Pengusulan rencana kebutuhan BMN KPPN Surabaya I tahun anggaran 2012 mempertimbangkan perolehan BMN pada tahun anggaran 2011. Berdasarkan data dan fakta yang telah penulis uraikan pada bab sebelumnya, KPPN Surabaya I memperoleh BMN dari anggaran DIPA KPPN Surabaya I, dari anggaran DJPB pusat menggunakan SKPA, ataupun perolehan hak pakai dari GKN I. Seluruh perolehan BMN tersebut dimaksudkan untuk meningkatkan kualitas pelayanan KPPN Surabaya I. Berdasarkan pengamatan penulis, KPPN Surabaya I masih belum mampu meningkatkan kualitas pelayanan dan menjalankan tupoksi secara optimal. Hal ini didasarkan pada data penilaian anggaran berbasis kinerja pada 34 KPPN percontohan (lihat lampiran III). Data pada lampiran III menunjukkan bahwa KPPN Surabaya I menduduki posisi terendah dan menjadi satu-satunya KPPN percontohan yang menyandang peringkat cukup. Fakta tersebut sangat bertentangan dengan keadaan KPPN Surabaya I yang memiliki sarana dan prasarana memadai. Secara teori, penambahan sarana dan prasarana berbanding lurus dengan peningkatan pelayanan dan optimalisasi pelaksanaan tupoksi KPPN Surabaya I. Akan tetapi pada faktanya, KPPN Surabaya I justru belum menunjukkan adanya peningkatan pelayanan yang signifikan dalam pelaksanaan tupoksinya. Hal ini terjadi akibat adanya penyusunan rencana kebutuhan BMN yang kurang tepat sehingga perolehan BMN KPPN Surabaya I pada tahun anggaran 2011 lalu tidak menghasilkan manfaat yang dapat terlihat nyata dalam peningkatan pelayanan KPPN Surabaya I pada tahun berikutnya.

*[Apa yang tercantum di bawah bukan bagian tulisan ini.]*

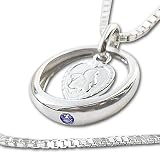 Silberner Taufring mit blauem Safir und herzförmigen Engel ECHT SILBER 925 für Jungen mit Kette Venezia 36 cm (F)
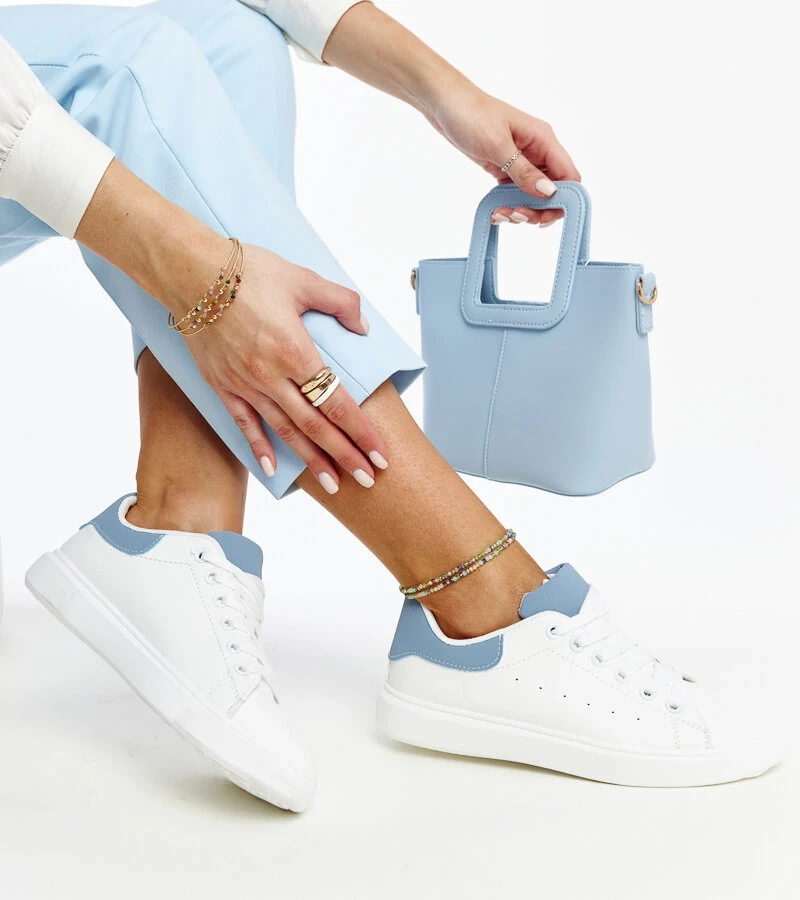 Weiß-blaue Ariam Plateau-Sneaker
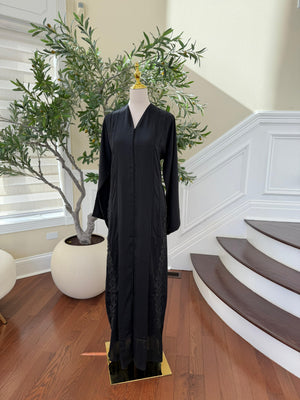 Serene Blossom Black Abaya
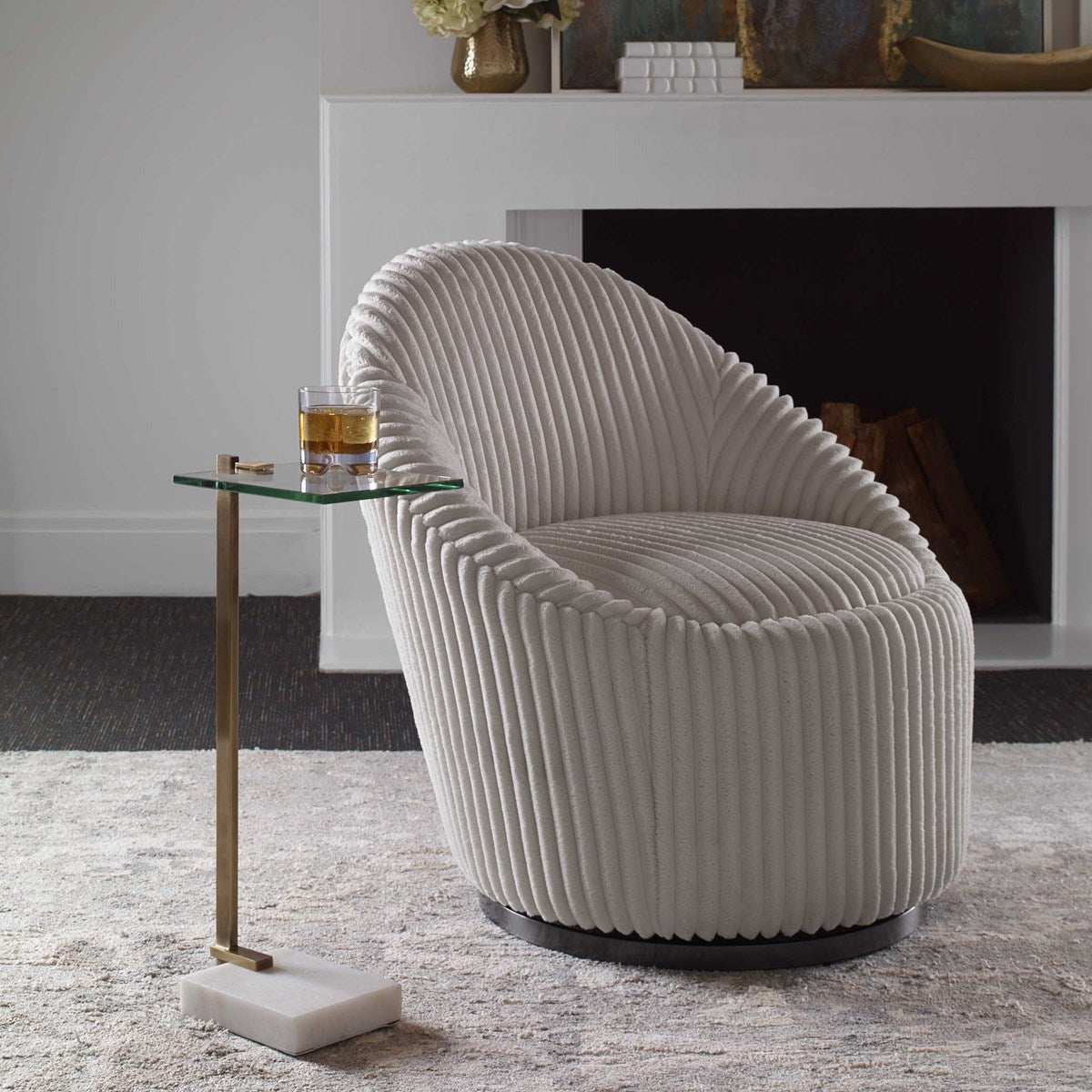 Uttermost Butler Glass Too With White Marble & Brushed Brass Modern Accent Table - Image 1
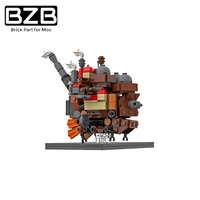 bzb moc howls motorized mini castle anime cartoon character building block model decoration parts kids brain game diy toy gifts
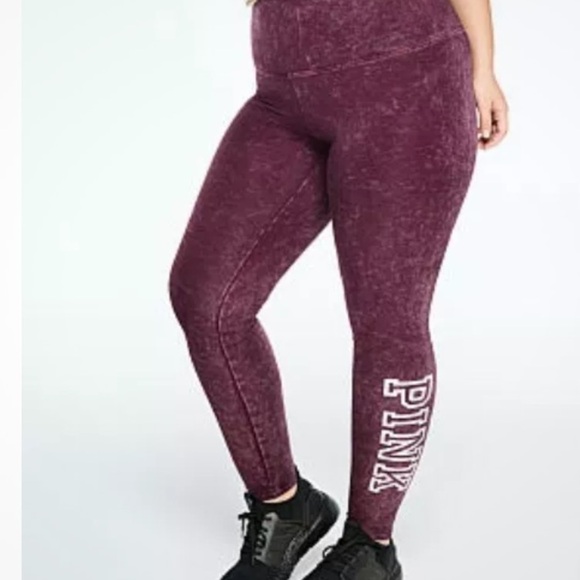 Victoria Secret PINK Cotton Washed Orchid Maroon High Waist Legging Logo Med - Picture 14 of 14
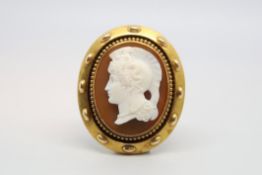 An agate cameo brooch in yellow metal depicting the profile of a female. 4.9cm x 4.1cm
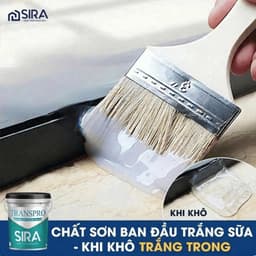 [1kg] Sơn Chống Thấm Nền Gạch Men, Mạch Gạch, Nhà Vệ Sinh, Sân Thượng- Sơn trong suốt Sira P102 5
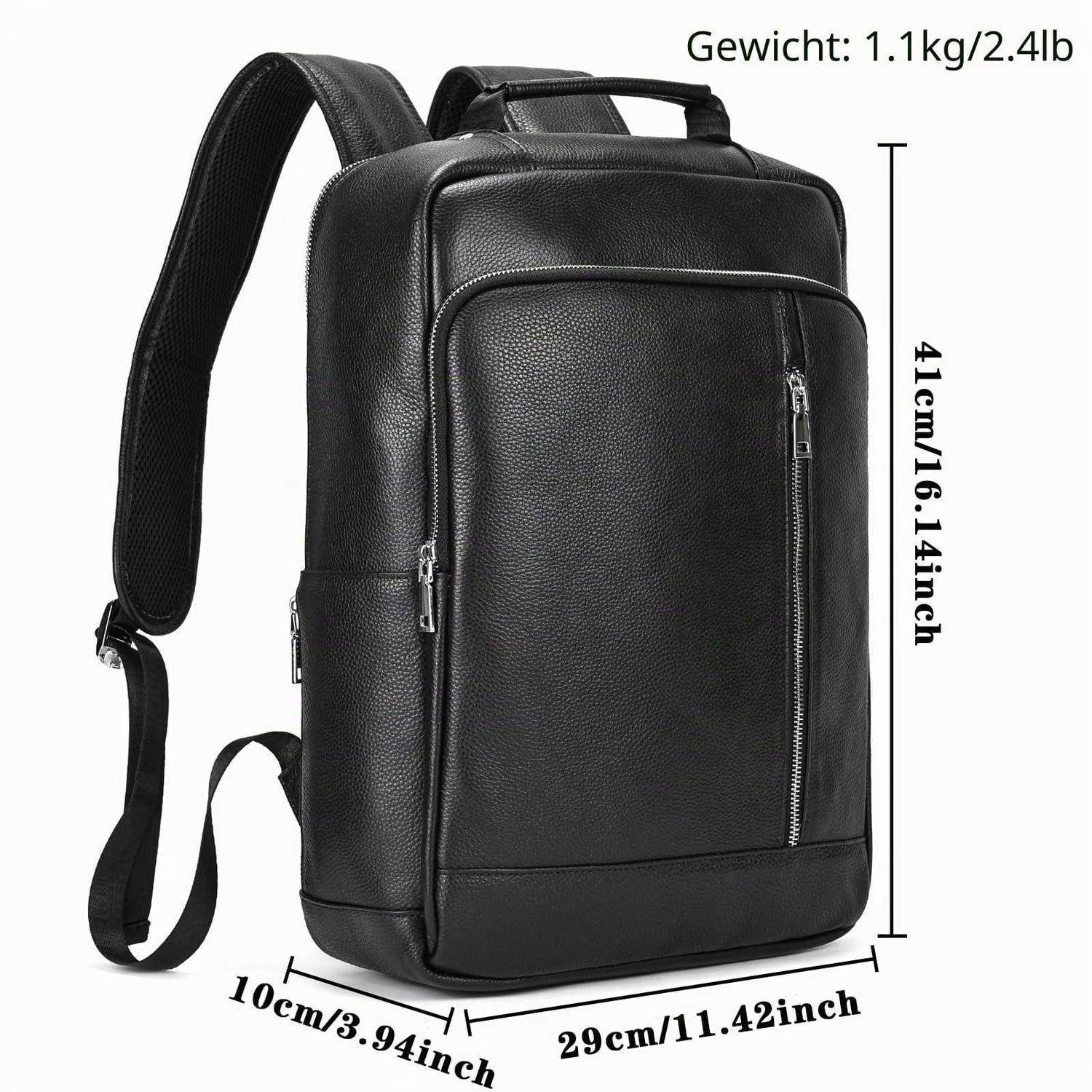 Schwarzer Lederrucksack mit Schultergurten; gekennzeichnete Abmessungen 41 cm Höhe, 29 cm Breite, 10 cm Tiefe, Gewicht 1,1 kg.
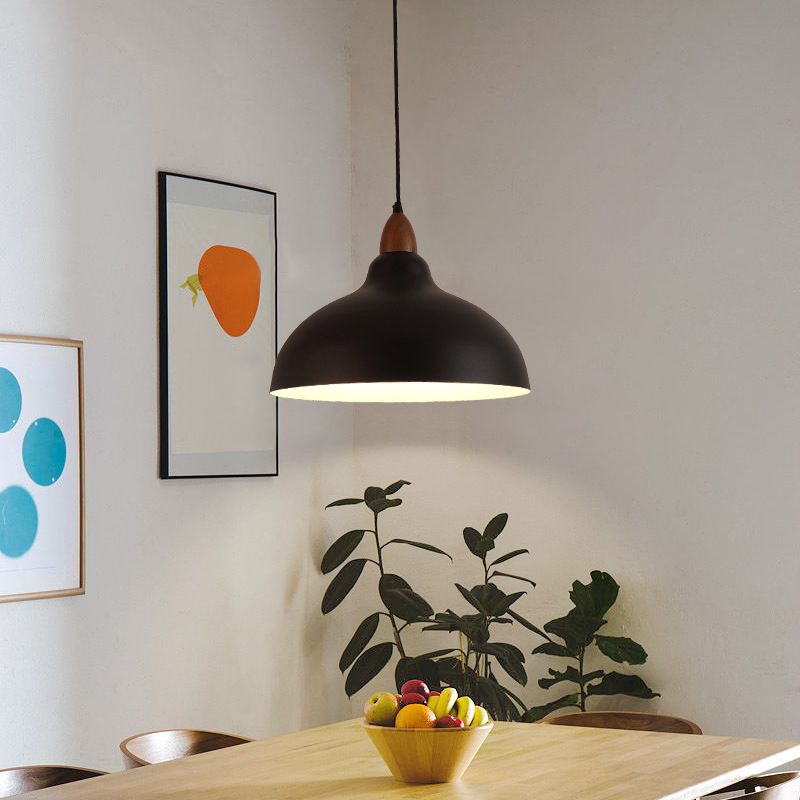 Morandi Modern Bowl-shaped Metal Pendant Light, Black/White - Lumpaz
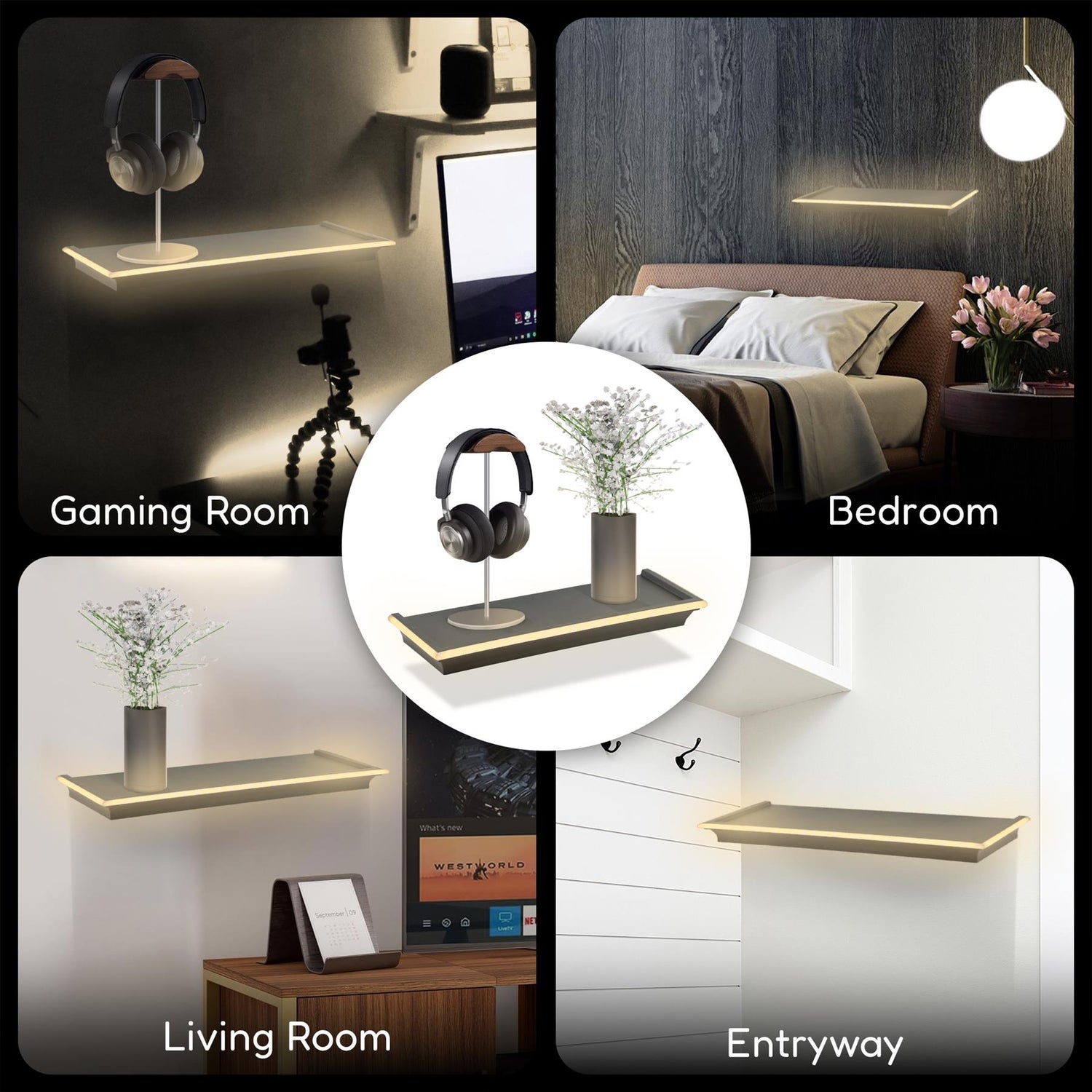 Black Floating Shelves with LED Neon Lights by GEEZY - UKBuyZone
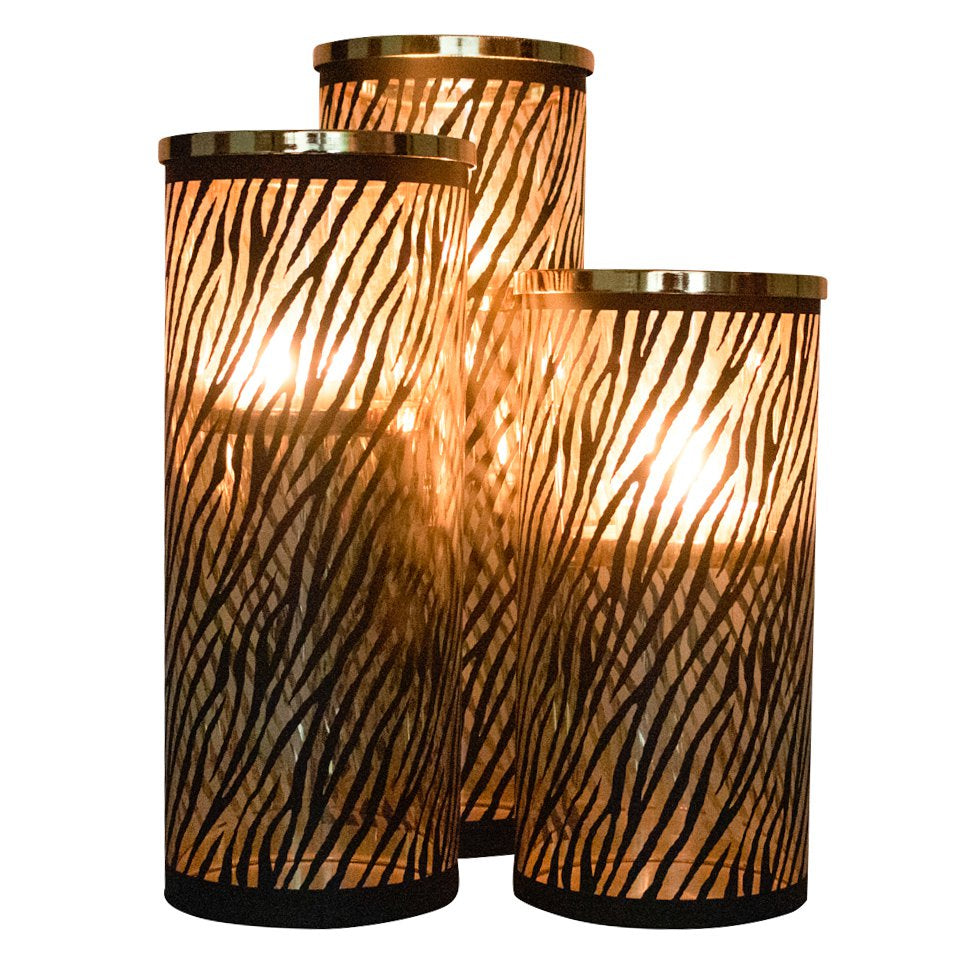 *windlicht cilinder goud zebra breed medium 30cm*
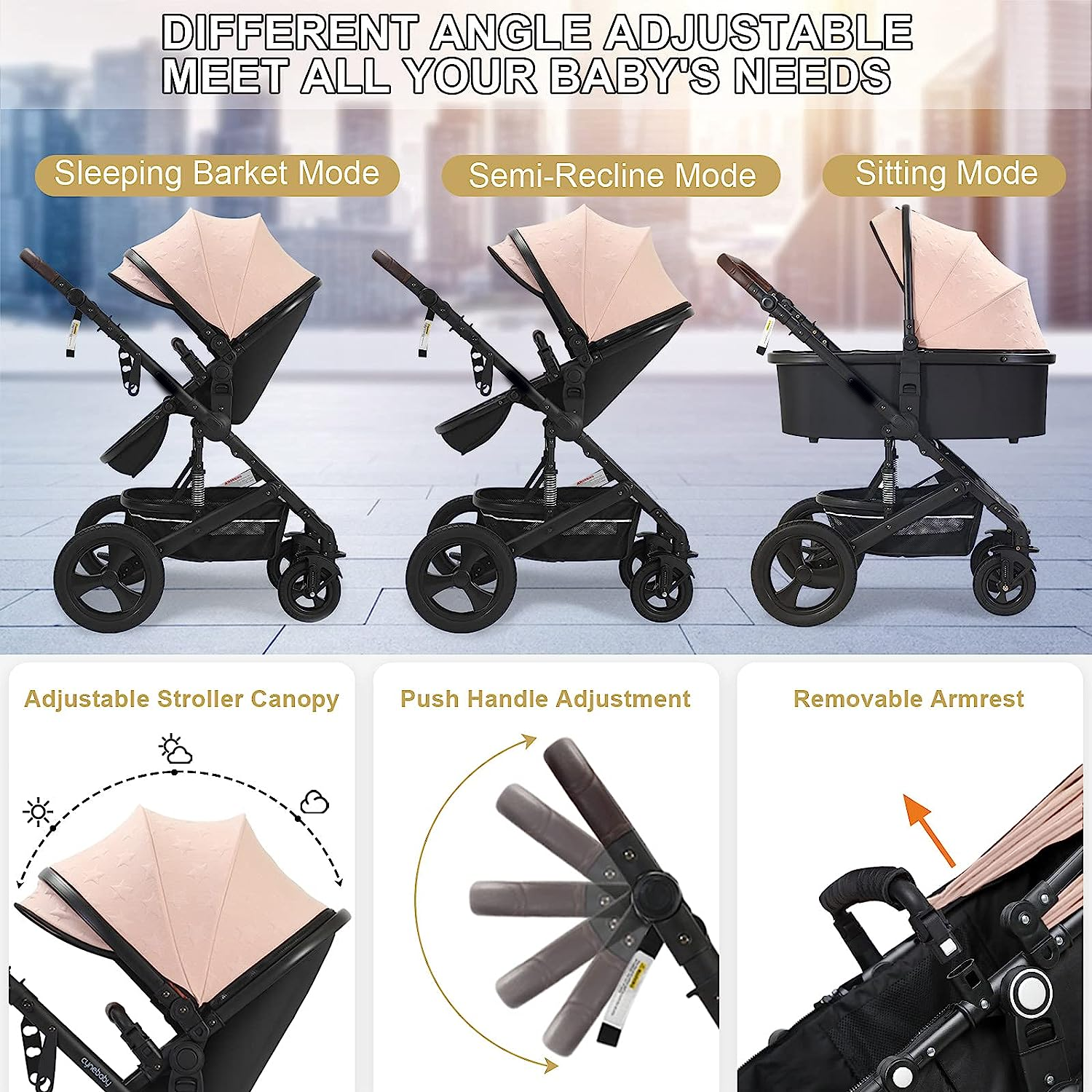 Newborn Infant Toddler Baby Stroller - Strollers with Backrest Adjustable Reversible, 2 in 1 High Landscape Convertible Bassinet Foldable Aluminum Alloy 3D Shock Absorption All Terrain Pram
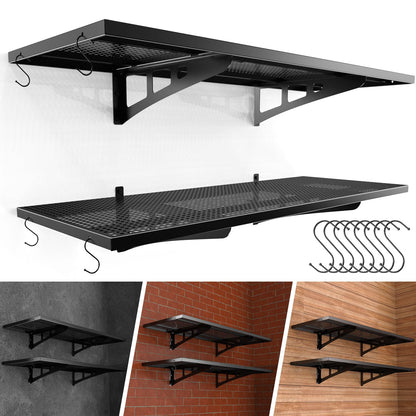 ZUCIRE 2-Pack Garage Wall Shelving, 1.5 x 4 FT Heavy Duty Wall Mounted Garage Storage Shelves, 500 lbs Capacity Metal Garage Rack with 8 Hooks, Hanging Storage Shelf for Tools, Bins and Equipment
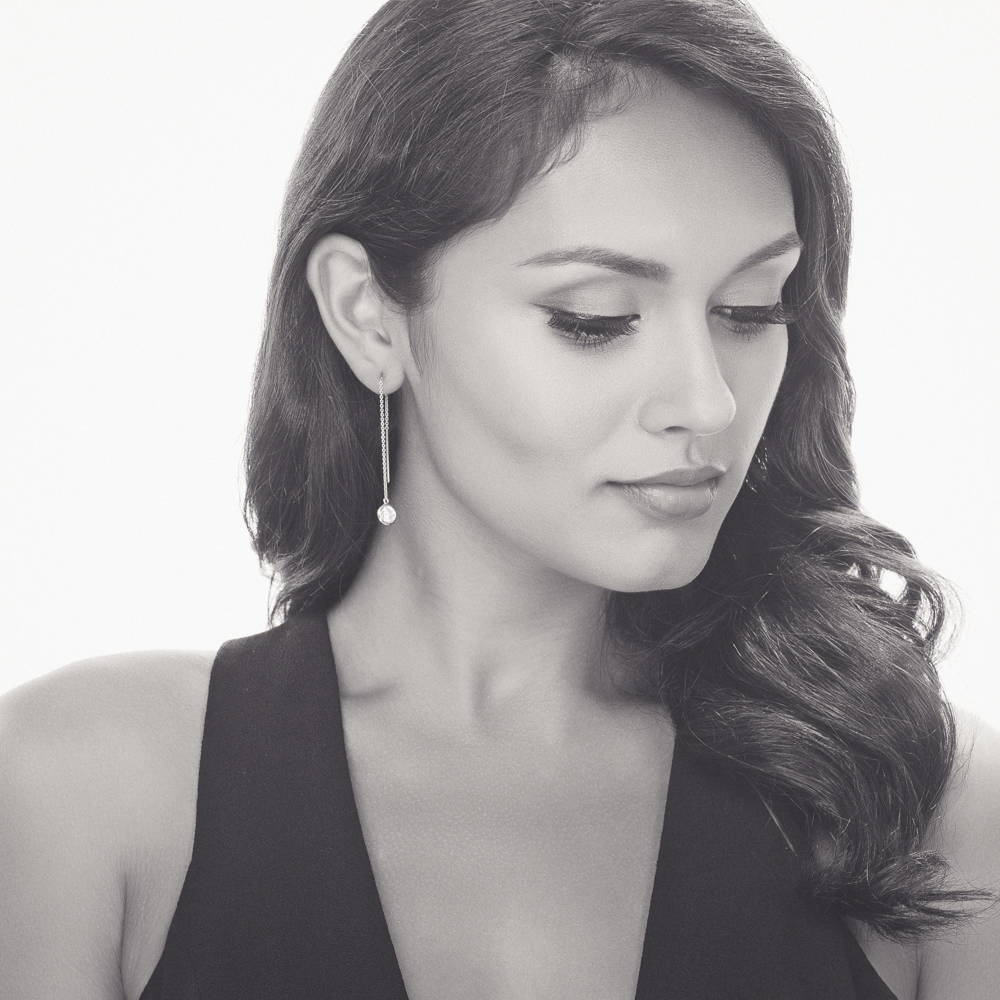 Model Wearing Threader Earrings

4.      Penentuan usulan rencana kebutuhan BMN KPPN Surabaya I kurang efisien
Berdasarkan data dan fakta pada bab II, penulis mengidentifikasi beberapa permasalahan yang muncul salah satunya yaitu penentuan usulan rencana kebutuhan BMN yang kurang efisien. Penulis telah memaparkan secara rinci dalam bentuk tabel dan uraian terkait perolehan BMN tahun anggaran 2011 serta usulan rencana kebutuhan BMN tahun anggaran 2012, tahun anggaran 2013 dan  tahun anggaran 2014. Pada lampiran II, terdapat laporan barang kuasa pengguna semesteran yang mencantumkan kondisi ketersediaan BMN pada KPPN Surabaya I. Ketersediaan BMN tersebut dapat dijadikan dasar untuk menentukan kebutuhan BMN. Berdasarkan pengamatan penulis, KPPN Surabaya I masih belum bisa menentukan usulan rencana kebutuhan BMN secara efisien bila dikaitkan dengan ketersediaan BMN saat ini.
KPPN Surabaya I memiliki P.C sejumlah 52 unit untuk kegiatan operasional pelayanan KPPN Surabaya I. Jumlah tersebut telah ditambahkan dari hasil perolehan P.C unit pada tahun anggaran 2011 lalu. Jika dibandingkan dengan total pegawai yang berjumlah 51 pegawai pada tahun 2011, KPPN Surabaya I memiliki 1 P.C unit yang idle atau menganggur. Hingga Juni 2012, pegawai aktif di KPPN Surabaya I sejumlah 43 pegawai. Oleh karena itu, penulis dapat menemukan beberapa P.C unit yang cenderung menganggur karena jarang digunakan oleh pegawai KPPN Surabaya I. Hal ini dapat menimbulkan penurunan efisiensi penggunaan P.C unit di KPPN Surabaya I. Menurut penulis, KPPN Surabaya I terkesan mengabaikan efisiensi penggunaan P.C unit. Ketersediaan P.C unit idle tidak mendapatkan perhatian lebih dari KPPN Surabaya I. Bahkan setiap tahun KPPN Surabaya I selalu mengusulkan rencana kebutuhan P.C unit sebagai usulan belanja modal.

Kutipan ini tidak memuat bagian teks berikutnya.